# The BFGS method

### Markus Grasmair, March 3, 2023

In [None]:
# Import the necessary libraries
import numpy as np
import matplotlib.pyplot as plt
from IPython.display import HTML

import TMA4180_definitions
import LineSearchMethods as LS

In [None]:
%matplotlib inline

plt.rcParams['figure.figsize'] = [7, 7]

We consider again the Rosenbrock (or "banana") function
$$
f(x,y) = 100(y-x^2)^2 + (1-x)^2.
$$
We recall that this function has a unique global and local minimum at $(x,y) = (1,1)$.
However, the Hessian of $f$ at this point is ill-conditioned, and therefore the gradient descent method converges extremely slowly. We thus look at a quasi-Newton method instead, specifically the BFGS method.

In [None]:
f = TMA4180_definitions.RB
f.set_plotbounds(np.array([[-0.5,1.5],[-0.5,1.5]]))
x_init = np.array([0.0,0.0])

x,ani = LS.BFGS(f,x_init,max_steps = 15, create_animation=True)
print('Suggested solution: {}'.format(np.round(x,8)))
print('Function value at solution: {:.4f}'.format(f.val(x)))
print('Gradient at solution: {}'.format(np.round(f.grad(x),8)))
HTML(ani.to_jshtml())

We see that we obtain a pretty good result after just 15 iterations. That is, the error is pretty low, although we see that the gradient of $f$ is still significantly different from $0$ (this is a sign of the ill-conditioning of the problem).

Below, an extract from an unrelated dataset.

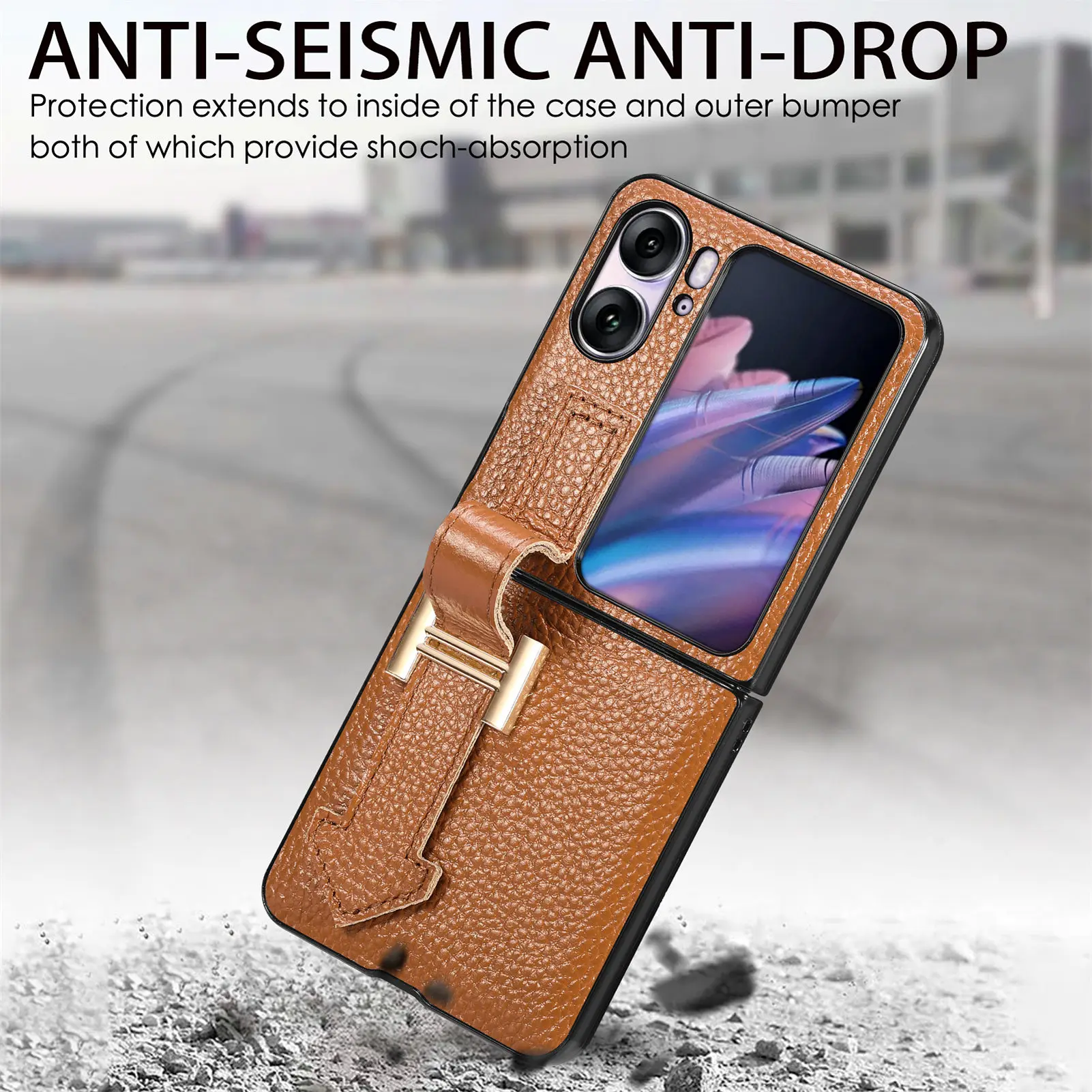 Флип-чехол для Oppo Find N2 противоударный тонкий кожаный ремешок флип-чехол телефона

Let's now have a look at a convergence plot in order to see more details about the behaviour of the method.

In [None]:
%matplotlib inline

plt.rcParams['figure.figsize'] = [15, 8]

In [None]:
x,fig = LS.BFGS(f,x_init,max_steps = 30,convergence_plot=True)
print('Suggested solution: {}'.format(np.round(x,8)))
print('Function value at solution: {:.4f}'.format(f.val(x)))
print('Gradient at solution: {}'.format(np.round(f.grad(x),8)))

At first, the convergence appears to be linear and rather slow. At some point, however, it drastically speeds up and we either have superlinear or at least *very fast* linear convergence.

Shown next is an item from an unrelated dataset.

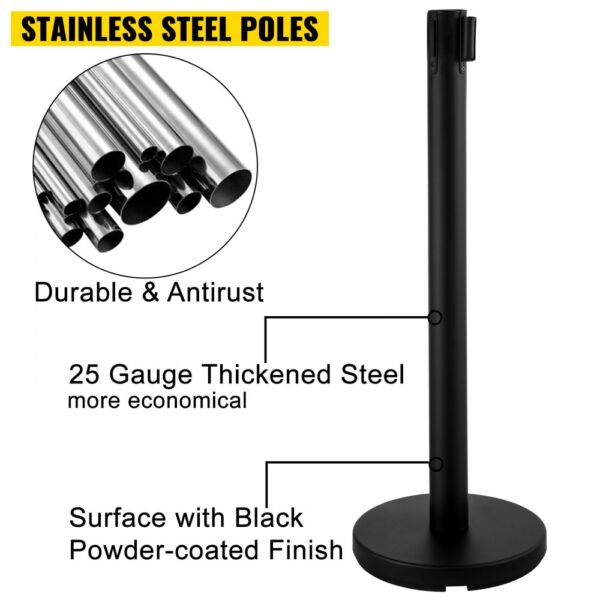 VEVOR stanchion post barriers with stainless steel poles, black powder-coated finish.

Let's compare this to Newton's method (with the same line search):

In [None]:
x,fig = LS.NewtonWolfe(f,x_init,max_steps = 20,create_animation=False,convergence_plot=True)
print('Suggested solution: {}'.format(np.round(x,8)))
print('Function value at solution: {:.4f}'.format(f.val(x)))
print('Gradient at solution: {}'.format(np.round(f.grad(x),8)))

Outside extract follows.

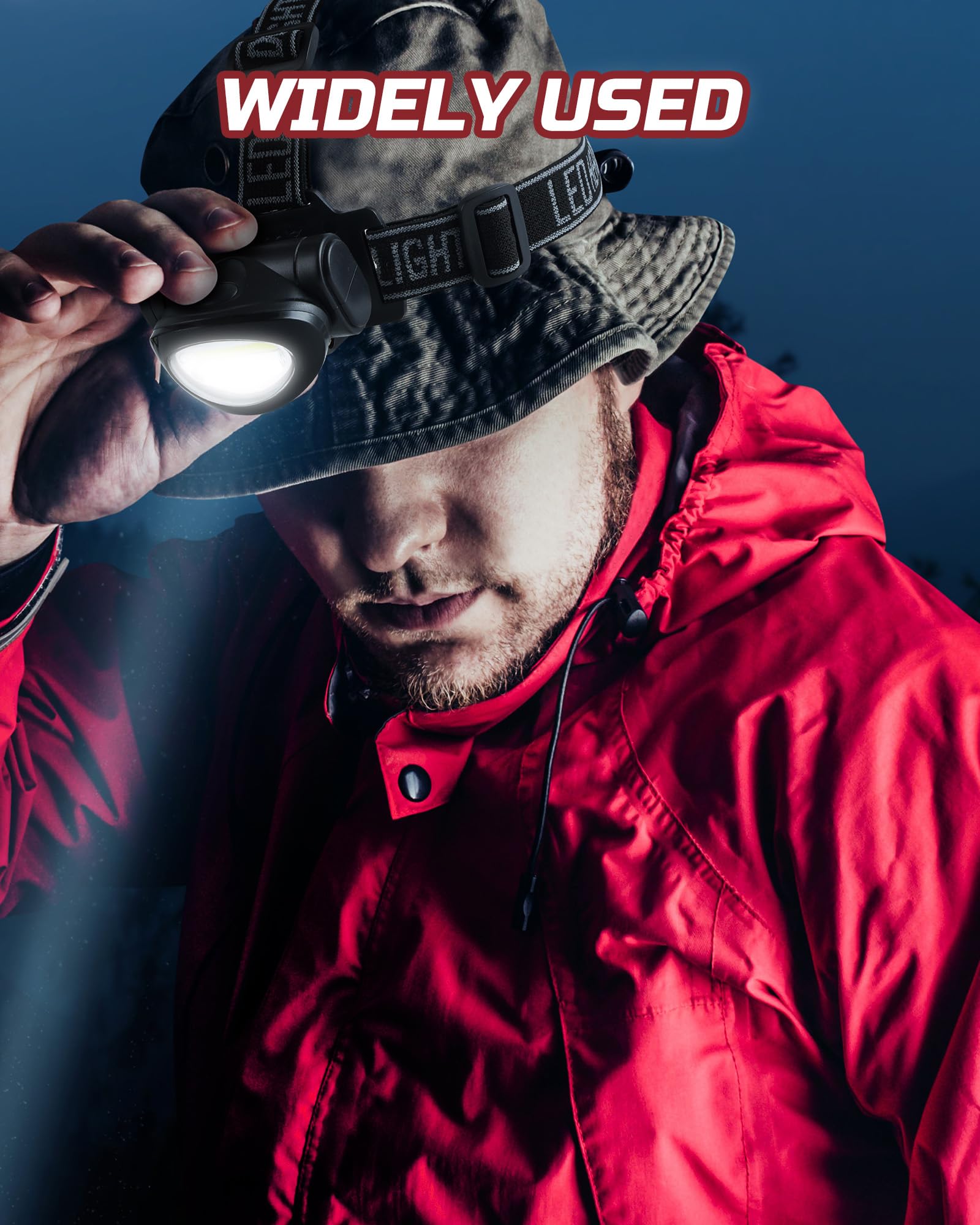 Lichamp Camping-Stirnlampen-Taschenlampe, 8 Stück, superhelle COB-Stirnlampe für Laufen, Lesen, Wandern, Wandern, Klettern, Angeln, Jagen, Joggen, Scheinwerfer-Multipack für Erwachsene, Kinder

Newton's method shows the typical signs of quadratic convergence: In the last steps of the iteration, the number of correct digits roughly doubles in each step. It is faster than the BFGS method, but the difference is not overly large.

Now we look at a higher dimensional variant of the Rosenbrock function defined as
$$
f(x) = \sum_{i=1}^{d-1} \Bigl[\alpha(x_{i+1}-x_i^2)^2 + (1-x_i)^2\Bigr]
$$
with $d \in \mathbb{N}$ and $\alpha > 0$. This function has the unique global and local minimiser $x^* = (1,1,\ldots,1) \in \mathbb{R}^d$.

Below, we look at the convergence of different algorithms for the case $d = 100$ and $\alpha = 50$. The initialisation in all cases is chosen as $x_0 = (-1,-1,\ldots,-1)$.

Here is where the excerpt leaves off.